* _Information given_:
* * * *

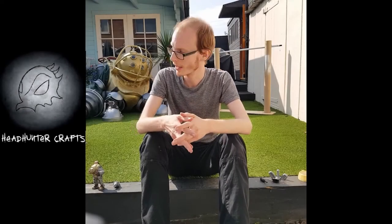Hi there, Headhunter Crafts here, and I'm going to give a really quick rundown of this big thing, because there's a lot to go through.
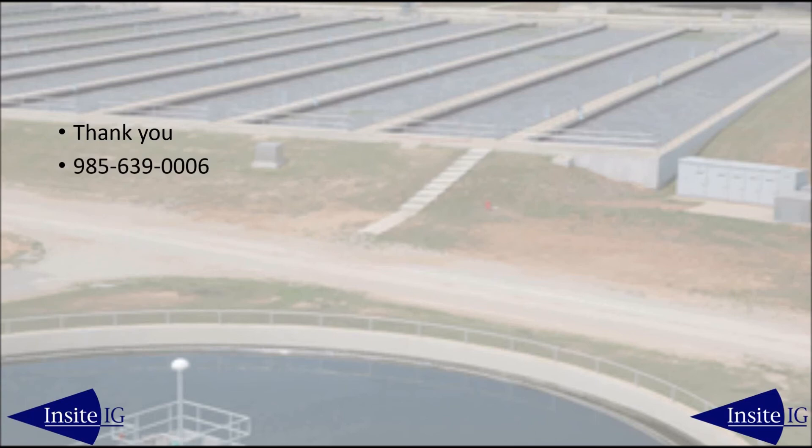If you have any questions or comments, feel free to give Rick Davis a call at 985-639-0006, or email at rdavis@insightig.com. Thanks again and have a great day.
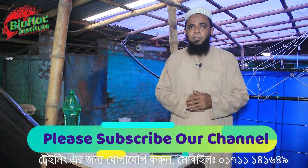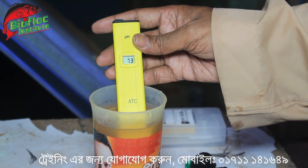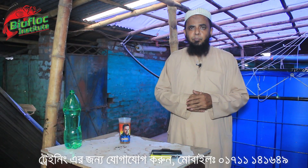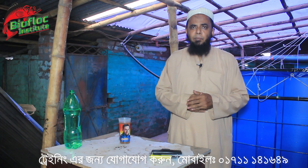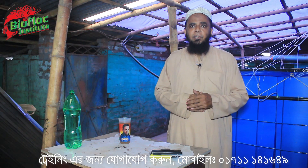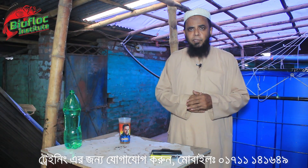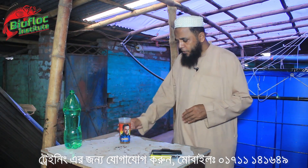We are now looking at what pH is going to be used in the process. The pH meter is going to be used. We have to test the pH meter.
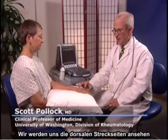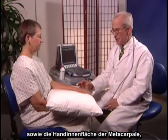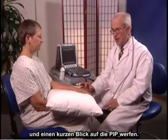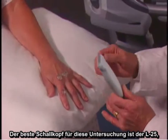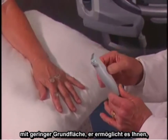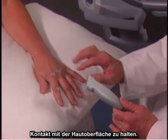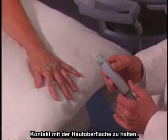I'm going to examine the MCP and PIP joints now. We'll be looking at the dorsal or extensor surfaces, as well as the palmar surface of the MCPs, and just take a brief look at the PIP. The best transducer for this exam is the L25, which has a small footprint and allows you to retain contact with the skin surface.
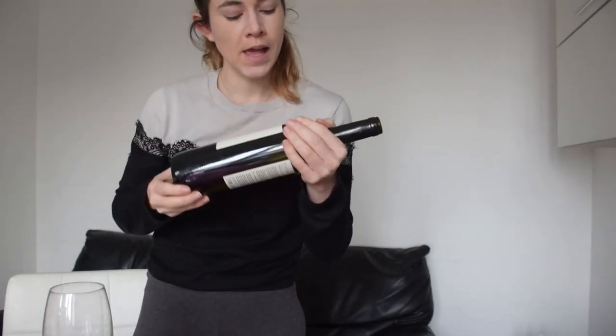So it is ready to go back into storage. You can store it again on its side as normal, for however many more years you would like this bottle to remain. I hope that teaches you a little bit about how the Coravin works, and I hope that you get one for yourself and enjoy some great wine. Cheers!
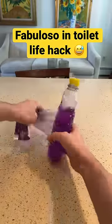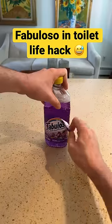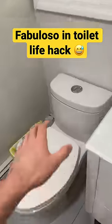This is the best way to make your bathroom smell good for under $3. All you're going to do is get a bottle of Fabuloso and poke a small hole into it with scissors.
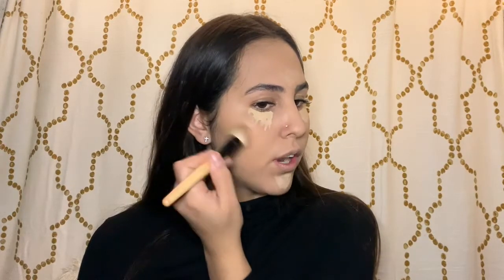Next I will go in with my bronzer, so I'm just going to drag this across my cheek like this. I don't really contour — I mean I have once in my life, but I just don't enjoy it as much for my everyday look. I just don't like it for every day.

* * * *

* _What is expected_: Leaving out any pictures, write the records above out exactly as they are.

* _Solution below_:
Hi there, Headhunter Crafts here, and I'm going to give a really quick rundown of this big thing, because there's a lot to go through.
If you have any questions or comments, feel free to give Rick Davis a call at 985-639-0006, or email at rdavis@insightig.com. Thanks again and have a great day.
We are now looking at what pH is going to be used in the process. The pH meter is going to be used. We have to test the pH meter.
I'm going to examine the MCP and PIP joints now. We'll be looking at the dorsal or extensor surfaces, as well as the palmar surface of the MCPs, and just take a brief look at the PIP. The best transducer for this exam is the L25, which has a small footprint and allows you to retain contact with the skin surface.
So it is ready to go back into storage. You can store it again on its side as normal, for however many more years you would like this bottle to remain. I hope that teaches you a little bit about how the Coravin works, and I hope that you get one for yourself and enjoy some great wine. Cheers!
This is the best way to make your bathroom smell good for under $3. All you're going to do is get a bottle of Fabuloso and poke a small hole into it with scissors.
Next I will go in with my bronzer, so I'm just going to drag this across my cheek like this. I don't really contour — I mean I have once in my life, but I just don't enjoy it as much for my everyday look. I just don't like it for every day.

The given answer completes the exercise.